# Android Tablet Life Expectancy



## SunWers (Sep 9, 2017)

Hi,


I'm looking for suggestions on selecting a tablet that will be used daily between 9 1/2 to 10 hours per day and 4 to 5 days a week. From what I can find the average lifespan for tablets are about 6 1/2 years with normal use. These tablets will be used in a factory and will be used actively to scan QR codes. So I'm thinking the lifespan will be around 3 to 4 years... Does anyone have any experience with tablet lifespan for enterprise use? As in my other thread, we have decided to use a MDM to manage all tablets. So all updates, policies, restrictions, etc. will be managed centrally. I was thinking we could go with older tablets but this means the life expectancy isn't going to be as long, correct? 



Thanks,
Lynn


----------



## Corday (Mar 3, 2010)

IMO there is no answer. Electronic (I know it's battery operated) devices could last 15 years or go in one day. If the average life is such and such, that doesn't mean yours will fall within that parameter. With mechanical devices, the less moving parts, the better the durability (a generalization). I had a Casio B.O.S.S. that lasted 22 years with daily use, all 64kb of it.


----------



## tristar (Aug 12, 2008)

Lynn, what is the rationale behind going with older tablets ?

If it's about compatibility, you should be able to run the apps on the latest tabs as well.

If you're talking price, the price is for the hardware and not for the Android OS. So 2 tablets created with the same h/w specs with different versions of Android running on them should cost the same.

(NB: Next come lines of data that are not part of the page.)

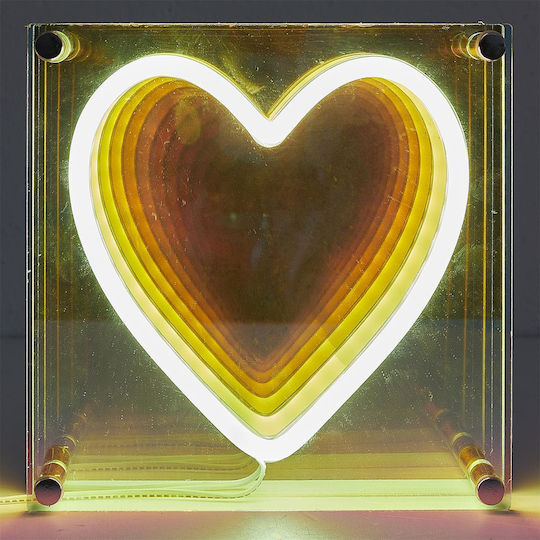 The Home Deco Factory Neon Διακοσμητικό Φωτιστικό LED Καρδιά 18x18x3.3εκ.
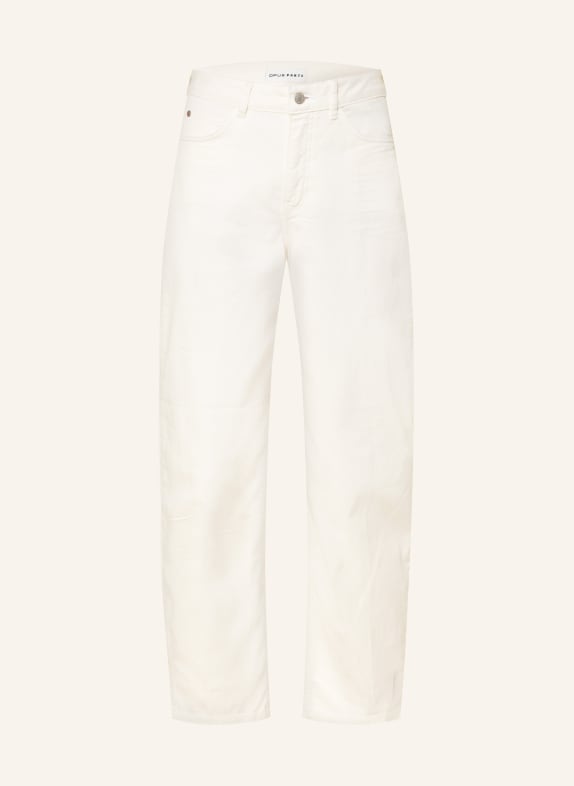 OPUS PANTS MARI CLEAR Barrel Jeans BEIGE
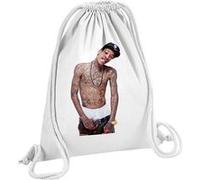 Fabulous Sac de Gym en Coton Blanc Wiz Khalifa Us Hip Hop Rap 12 Litres Blanc G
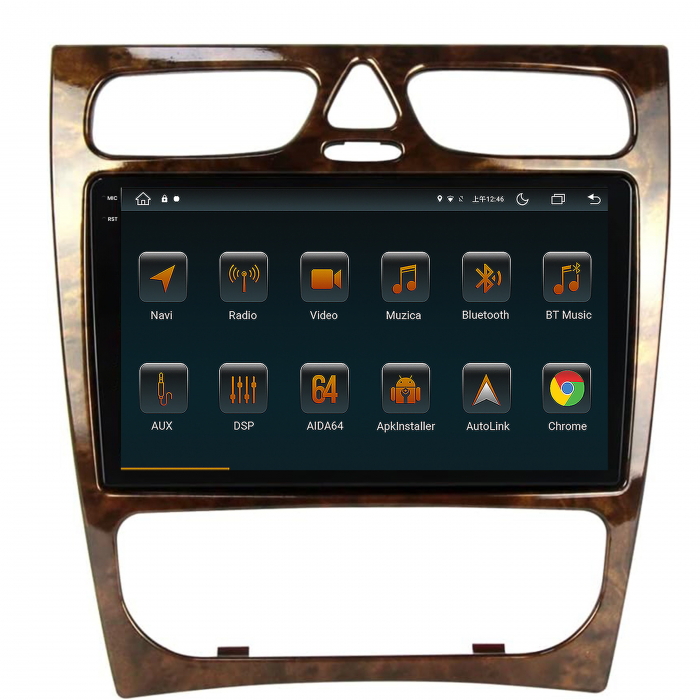 Navigatie Android 2K Benz C Class (W203) (2002-2004), 4+64GB | AutoDrop.ro [3]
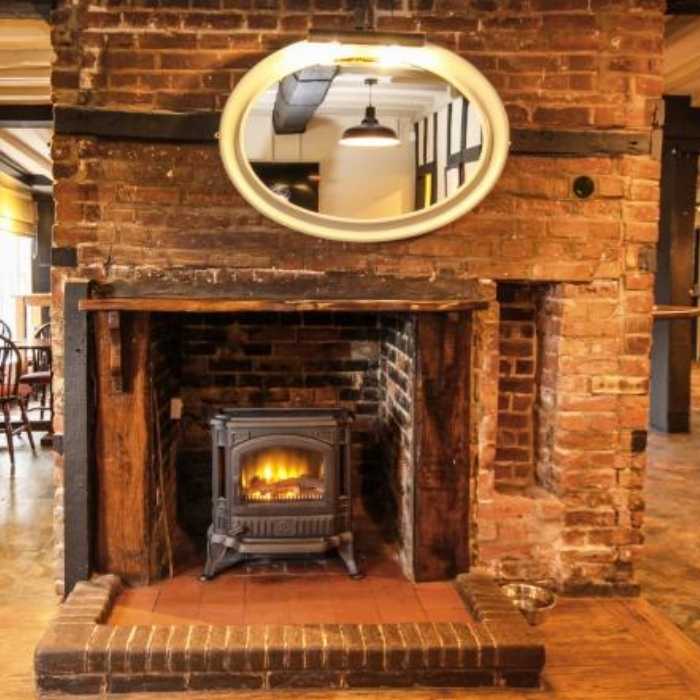 the open fire at the robert burre Clacton on sea Essex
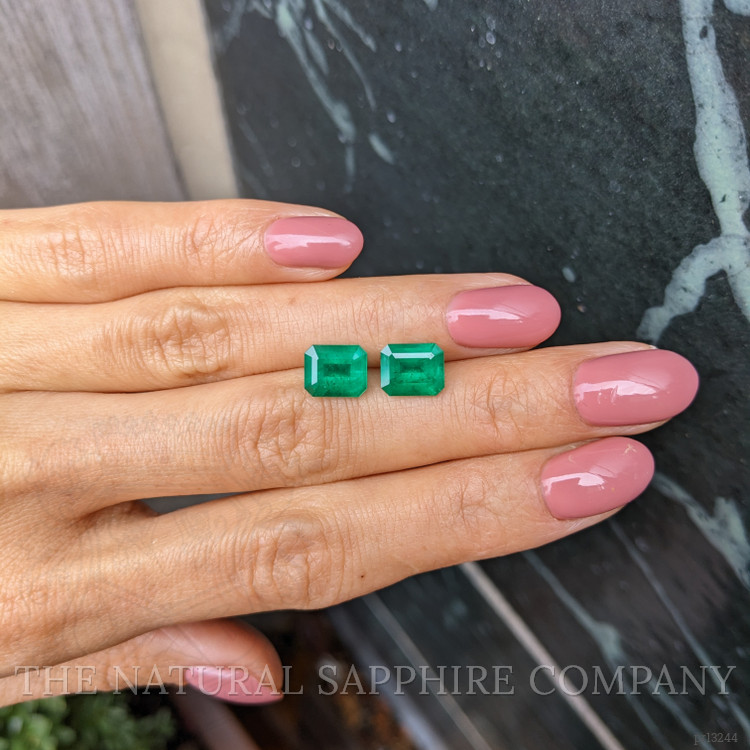 4.12 Ct.Tw. Emerald Pair from Colombia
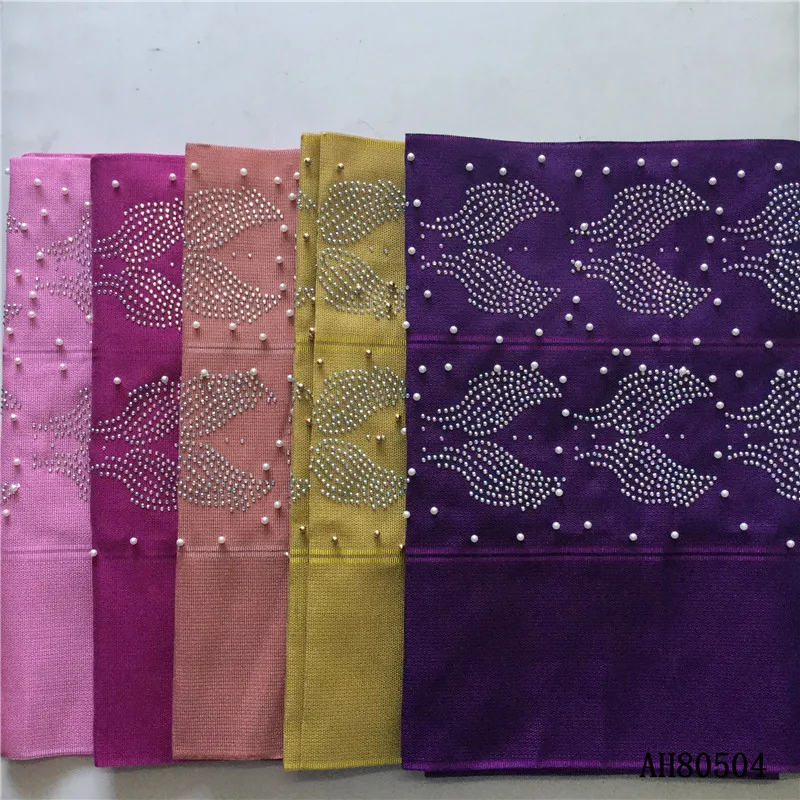 2019 головной убор 2 шт./пакет нигерийский последний Aso Oke Gele с камнями и бусинами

Depending on the App workload, decide what the specs are going to be, minimal load, a 1GB RAM and standard Quad core should be more than sufficient.

Regarding life expectancy, I echo Corday's thoughts, there is no magic number there, it can work for 5 days or 5 years, some factors that contribute would be usage, maintenance etc..


----------



## SunWers (Sep 9, 2017)

tristar said:


> Lynn, what is the rationale behind going with older tablets ?
> 
> If it's about compatibility, you should be able to run the apps on the latest tabs as well.
> 
> ...



Hi Tristar,


Price and hardware is what we are looking for. We have decided to go with 8 inch tablets running Android version 7 or 8 (preferably 8) and trying to stay under $100. Since we are purchasing around 800... thinking we may be able to get a discount on the price as well. 



Does anyone have any suggestions where we could purchase these tablets? We are looking into CDW right now but I would like to get a few other options too.


Thanks,
Lynn


----------



## Corday (Mar 3, 2010)

With an order that large, I would try negotiating with a manufacturer rather than a distributor.


----------



## SunWers (Sep 9, 2017)

Corday said:


> With an order that large, I would try negotiating with a manufacturer rather than a distributor.



Ok that was what I was thinking. I'm checking Dell and Acer now.


Thanks Again,
Lynn


----------



## tristar (Aug 12, 2008)

Try Samsung, Asus & Lenovo as well, use the deal from 1 manufacturer to deal with the others.

First get the specs decided, based on the App's requirement (current and possible future requirements if it needs to scale up), once you have the hardware specs of your minimum requirement then get what the manufacturers have to offer, then match them to your specific hardware specs.

You should get a good deal, I'd start off saying my upper slab is $75 and then based on what is provided to offer, I'd up the cost.


----------



## [email protected] (Nov 16, 2004)

Nearly all manufacturers can give you a MTBF (Mean Time Between Failure) for a product. There are industry standards for rigorous testing to get a rating for a product and for an order that large, you can demand it of any product you're looking at. You are in the drivers seat and the manufacturers will be begging for your business. Make sure every manufacturer you contact is aware you are checking with others.

I would start at AliExpress and or Chinavasion (misspelling is normal) for a general idea of product's features and costs.

BTW, Androids are up to ver 9 now.


----------